Di questo processo, iniziato con l’arte geometrica, possiamo seguire gli sviluppi nei secoli grazie alle testimonianze della ceramica, del rilievo, della pittura e delle copie romane di originali greco-ellenistici. Esso presupponeva l’utilizzo di una serie di stratagemmi, funzionali a suggerire allo spettatore gli eventi che avevano avuto luogo prima o dopo l’attimo illustrato.

L’analisi di Ghedini, dunque, non riguarda le iconografie intese come schemi figurativi ma la costruzione di una composizione a carattere narrativo che comprende da una parte il rapporto fra i vari «attori» della scena, dall’altra il legame di questi ultimi con il contesto. Qui l’autrice presenta al lettore che vorrà a sua volta appropriarsi di solidi strumenti di ricerca, una classificazione delle diverse tipologie di rappresentazione, a seconda che l’immagine colga il momento principale del racconto o lo arricchisca con elementi o personaggi «policronici», oppure proponga una sequenza di scene su uno o differenti piani.

Anche se il volume sarà più agevolmente accessibile a un pubblico specialistico, le doti comunicative dell’autrice, già espresse in altri contributi divulgativi, sono in grado di raggiungere tutti gli appassionati di archeologia e storia dell’arte.

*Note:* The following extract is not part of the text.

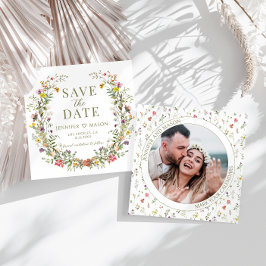 Rustieke wildflower Bewaar de Date foto uitnodigin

Essi potranno infatti riconoscere in questa sintesi, colta ma non elitista, molti dei capolavori con i quali è solito confrontarsi il turismo di massa senza  avere però una corretta percezione di ciò che non solo Pompei ma anche i grandi musei nazionali ed esteri mettono in vetrina.

È il caso, ad esempio, dell’Olpe Chigi (630 a.C., Museo di Villa Giulia) o del Vaso François (570 a.C., Museo Archeologico di Firenze), reperti dei quali Ghedini offre una dettagliata disamina, tesa a evidenziarne l’importanza documentaria ancor prima che artistica.

Uno dei capitoli più interessanti del libro concerne gli scrittori d’arte, tra cui vi era il retore Filostrato Maggiore. A lui dobbiamo la descrizione di un quadro con protagonista Atlante, che – con un ginocchio a terra – è oppresso dal peso del globo, su cui sono tratteggiati astri e costellazioni. Al Museo Archeologico di Napoli si conserva una replica scultorea di età imperiale chiaramente ispirata a una creazione ellenistica: si tratta del cosiddetto Atlante Farnese, che – tra un prestito e l’altro – è attualmente esposto al Mann sopra un’indecente base di compensato. A dimostrazione che per certuni lo sguardo dei moderni non vale quanto quello degli antichi.